Re: [PATCH v2 1/7] sched/fair: Generalize asym_packing logic for SMT local sched group

From: Ricardo Neri
Date: Mon Dec 12 2022 - 12:45:52 EST


On Tue, Dec 06, 2022 at 06:22:41PM +0100, Dietmar Eggemann wrote:
> On 22/11/2022 21:35, Ricardo Neri wrote:
> > When balancing load between two physical cores, an idle destination CPU can
> > help another core only if all of its SMT siblings are also idle. Otherwise,
> > there is not increase in throughput. It does not matter whether the other
> > core is composed of SMT siblings.
> >
> > Simply check if there are any tasks running on the local group and the
> > other core has exactly one busy CPU before proceeding. Let
> > find_busiest_group() handle the case of more than one busy CPU. This is
> > true for SMT2, SMT4, SMT8, etc.
>
> [...]

Thank you very much for your feedback, Dietmar!

>
> > Changes since v1:
> > * Reworded commit message and inline comments for clarity.
> > * Stated that this changeset does not impact STM4 or SMT8.
> > ---
> > kernel/sched/fair.c | 29 +++++++++--------------------
> > 1 file changed, 9 insertions(+), 20 deletions(-)
> >
> > diff --git a/kernel/sched/fair.c b/kernel/sched/fair.c
> > index e4a0b8bd941c..18c672ff39ef 100644
> > --- a/kernel/sched/fair.c
> > +++ b/kernel/sched/fair.c
> > @@ -8900,12 +8900,10 @@ static bool asym_smt_can_pull_tasks(int dst_cpu, struct sd_lb_stats *sds,
> > struct sched_group *sg)
>
> I'm not sure why you change asym_smt_can_pull_tasks() together with
> removing SD_ASYM_PACKING from SMT level (patch 5/7)?

In x86 we have SD_ASYM_PACKING at the MC, CLS* and, before my patches, SMT
sched domains.

>
> update_sg_lb_stats()
>
> ... && env->sd->flags & SD_ASYM_PACKING && .. && sched_asym()
> ^^^^^^^^^^^^
> sched_asym()
>
> if ((sds->local->flags & SD_SHARE_CPUCAPACITY) ||
> (group->flags & SD_SHARE_CPUCAPACITY))
> return asym_smt_can_pull_tasks()
> ^^^^^^^^^^^^^^^^^^^^^^^^^
>
> So x86 won't have a sched domain with SD_SHARE_CPUCAPACITY and
> SD_ASYM_PACKING anymore.
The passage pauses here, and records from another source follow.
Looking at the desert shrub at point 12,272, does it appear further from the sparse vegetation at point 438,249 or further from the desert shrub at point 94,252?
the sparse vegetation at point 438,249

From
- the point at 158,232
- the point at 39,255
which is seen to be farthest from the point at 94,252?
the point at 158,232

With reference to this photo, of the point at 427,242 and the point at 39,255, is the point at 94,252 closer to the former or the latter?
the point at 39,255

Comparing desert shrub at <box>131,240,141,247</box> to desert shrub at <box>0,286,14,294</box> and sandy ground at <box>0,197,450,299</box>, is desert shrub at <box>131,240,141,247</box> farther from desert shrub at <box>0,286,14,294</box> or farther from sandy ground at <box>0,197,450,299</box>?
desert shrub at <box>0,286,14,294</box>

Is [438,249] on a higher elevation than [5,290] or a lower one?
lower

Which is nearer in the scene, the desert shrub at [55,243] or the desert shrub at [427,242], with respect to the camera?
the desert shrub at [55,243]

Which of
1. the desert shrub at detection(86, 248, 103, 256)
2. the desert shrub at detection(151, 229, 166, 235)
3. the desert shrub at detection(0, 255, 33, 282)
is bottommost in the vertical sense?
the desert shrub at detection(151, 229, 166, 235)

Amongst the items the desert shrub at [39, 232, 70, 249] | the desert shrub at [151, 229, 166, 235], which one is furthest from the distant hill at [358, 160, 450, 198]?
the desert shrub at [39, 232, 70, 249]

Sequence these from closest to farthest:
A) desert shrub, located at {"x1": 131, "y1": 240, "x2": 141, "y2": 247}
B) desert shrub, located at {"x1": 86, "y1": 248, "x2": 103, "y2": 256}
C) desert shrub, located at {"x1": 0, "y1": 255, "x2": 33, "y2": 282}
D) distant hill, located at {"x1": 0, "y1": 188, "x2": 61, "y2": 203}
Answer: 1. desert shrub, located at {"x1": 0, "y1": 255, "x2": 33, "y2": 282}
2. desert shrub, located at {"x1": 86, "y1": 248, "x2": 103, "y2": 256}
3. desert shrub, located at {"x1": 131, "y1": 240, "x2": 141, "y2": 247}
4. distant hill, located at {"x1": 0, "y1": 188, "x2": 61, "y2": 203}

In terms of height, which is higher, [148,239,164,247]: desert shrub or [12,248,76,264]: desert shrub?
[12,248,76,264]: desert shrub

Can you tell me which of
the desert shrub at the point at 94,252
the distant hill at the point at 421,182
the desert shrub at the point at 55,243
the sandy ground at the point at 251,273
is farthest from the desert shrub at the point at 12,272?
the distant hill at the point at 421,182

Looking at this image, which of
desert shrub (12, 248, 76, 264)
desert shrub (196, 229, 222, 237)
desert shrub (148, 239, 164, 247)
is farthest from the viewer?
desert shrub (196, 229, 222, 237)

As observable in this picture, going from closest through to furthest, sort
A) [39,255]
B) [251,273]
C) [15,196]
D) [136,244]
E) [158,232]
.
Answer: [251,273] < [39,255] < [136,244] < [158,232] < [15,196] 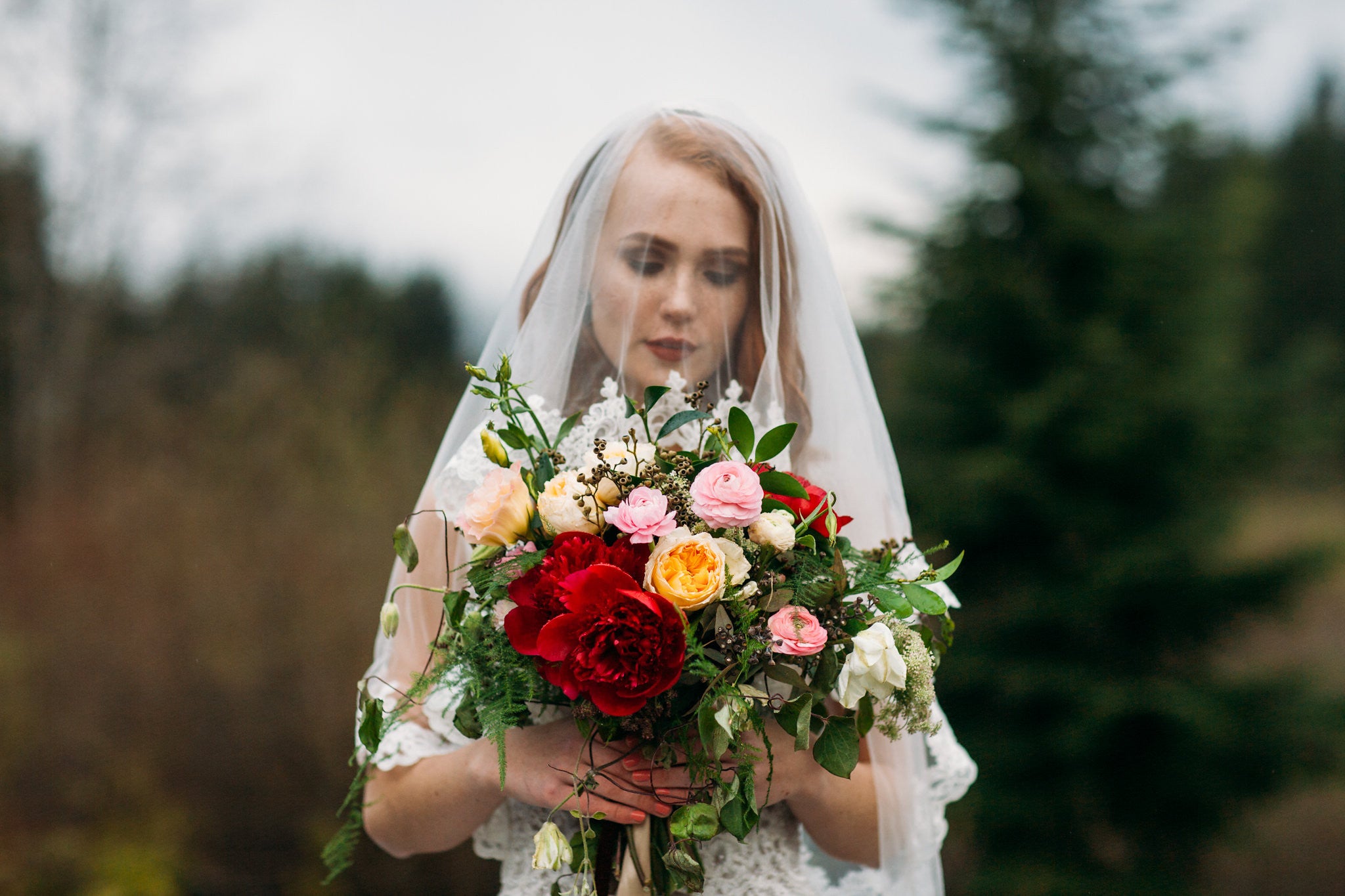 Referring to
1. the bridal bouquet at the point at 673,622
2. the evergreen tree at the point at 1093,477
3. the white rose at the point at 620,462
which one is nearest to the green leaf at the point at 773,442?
the bridal bouquet at the point at 673,622

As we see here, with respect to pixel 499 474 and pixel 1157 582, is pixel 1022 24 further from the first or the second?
pixel 499 474

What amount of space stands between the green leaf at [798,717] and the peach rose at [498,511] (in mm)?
447

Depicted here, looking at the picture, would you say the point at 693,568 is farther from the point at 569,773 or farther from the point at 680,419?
the point at 569,773

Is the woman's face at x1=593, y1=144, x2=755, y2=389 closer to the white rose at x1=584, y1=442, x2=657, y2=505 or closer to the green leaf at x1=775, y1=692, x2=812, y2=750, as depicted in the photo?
the white rose at x1=584, y1=442, x2=657, y2=505

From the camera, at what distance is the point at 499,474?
132cm

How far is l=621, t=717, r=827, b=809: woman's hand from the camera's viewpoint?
1312 millimetres

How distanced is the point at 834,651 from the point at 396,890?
3721mm

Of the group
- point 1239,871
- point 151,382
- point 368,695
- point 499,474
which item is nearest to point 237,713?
point 151,382

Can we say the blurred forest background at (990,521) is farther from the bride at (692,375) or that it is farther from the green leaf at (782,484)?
the green leaf at (782,484)

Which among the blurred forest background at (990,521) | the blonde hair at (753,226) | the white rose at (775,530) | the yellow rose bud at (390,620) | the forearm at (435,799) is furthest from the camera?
the blurred forest background at (990,521)

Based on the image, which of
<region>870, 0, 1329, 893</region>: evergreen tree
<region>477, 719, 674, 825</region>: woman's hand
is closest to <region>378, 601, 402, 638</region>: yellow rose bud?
<region>477, 719, 674, 825</region>: woman's hand

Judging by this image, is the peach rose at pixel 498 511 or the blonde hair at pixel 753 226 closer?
the peach rose at pixel 498 511

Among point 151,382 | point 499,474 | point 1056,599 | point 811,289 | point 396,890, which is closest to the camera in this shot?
point 499,474

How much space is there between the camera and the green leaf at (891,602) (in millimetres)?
1245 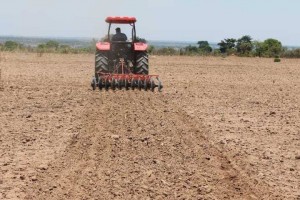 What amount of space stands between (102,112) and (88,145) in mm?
2984

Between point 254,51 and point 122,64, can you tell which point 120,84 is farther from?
point 254,51

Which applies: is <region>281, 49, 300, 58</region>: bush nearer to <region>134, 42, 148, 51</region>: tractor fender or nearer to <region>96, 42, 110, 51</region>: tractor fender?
<region>134, 42, 148, 51</region>: tractor fender

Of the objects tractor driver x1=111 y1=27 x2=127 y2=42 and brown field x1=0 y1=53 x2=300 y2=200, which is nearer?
brown field x1=0 y1=53 x2=300 y2=200

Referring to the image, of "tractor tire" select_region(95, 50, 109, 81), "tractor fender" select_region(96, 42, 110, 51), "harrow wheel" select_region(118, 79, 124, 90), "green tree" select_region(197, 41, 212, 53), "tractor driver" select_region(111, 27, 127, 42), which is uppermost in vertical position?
"tractor driver" select_region(111, 27, 127, 42)

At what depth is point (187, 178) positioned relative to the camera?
597 cm

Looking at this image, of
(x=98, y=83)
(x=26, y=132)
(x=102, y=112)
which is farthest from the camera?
(x=98, y=83)

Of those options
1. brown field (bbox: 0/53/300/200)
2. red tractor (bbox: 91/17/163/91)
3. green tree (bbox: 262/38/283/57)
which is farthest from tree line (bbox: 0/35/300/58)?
brown field (bbox: 0/53/300/200)

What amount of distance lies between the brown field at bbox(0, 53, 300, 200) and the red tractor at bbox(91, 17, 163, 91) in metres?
0.45

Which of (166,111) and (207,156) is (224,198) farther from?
(166,111)

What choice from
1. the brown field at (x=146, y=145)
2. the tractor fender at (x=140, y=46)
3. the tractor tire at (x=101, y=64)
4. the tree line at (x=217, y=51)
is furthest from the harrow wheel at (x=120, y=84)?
the tree line at (x=217, y=51)

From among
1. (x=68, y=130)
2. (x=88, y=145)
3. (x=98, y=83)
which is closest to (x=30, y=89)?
(x=98, y=83)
So sched_asym() would call sched_asym_prefer()
> directly on MC. What do I miss here?

asym_smt_can_pull_tasks() is used above the SMT level *and* when either the
local or sg sched groups are composed of CPUs that are SMT siblings.

In fact, asym_smt_can_pull_tasks() can only be called above the SMT level.
This is because the flags of a sched_group in a sched_domain are equal to
the flags of the child sched_domain. Since SMT is the lowest sched_domain,
its groups' flags are 0.

sched_asym() calls sched_asym_prefer() directly if balancing at the
SMT level and, at higher domains, if the child domain is not SMT.

This meets the requirement of Power7, where SMT siblings have different
priorities; and of x86, where physical cores have different priorities.

Thanks and BR,
Ricardo

* The target of these patches is Intel hybrid processors, on which cluster
scheduling is disabled - cabdc3a8475b ("sched,x86: Don't use cluster
topology for x86 hybrid CPUs"). Also, I have not observed topologies in
which CPUs of the same cluster have different priorities.

We are also looking into re-enabling cluster scheduling on hybrid
topologies.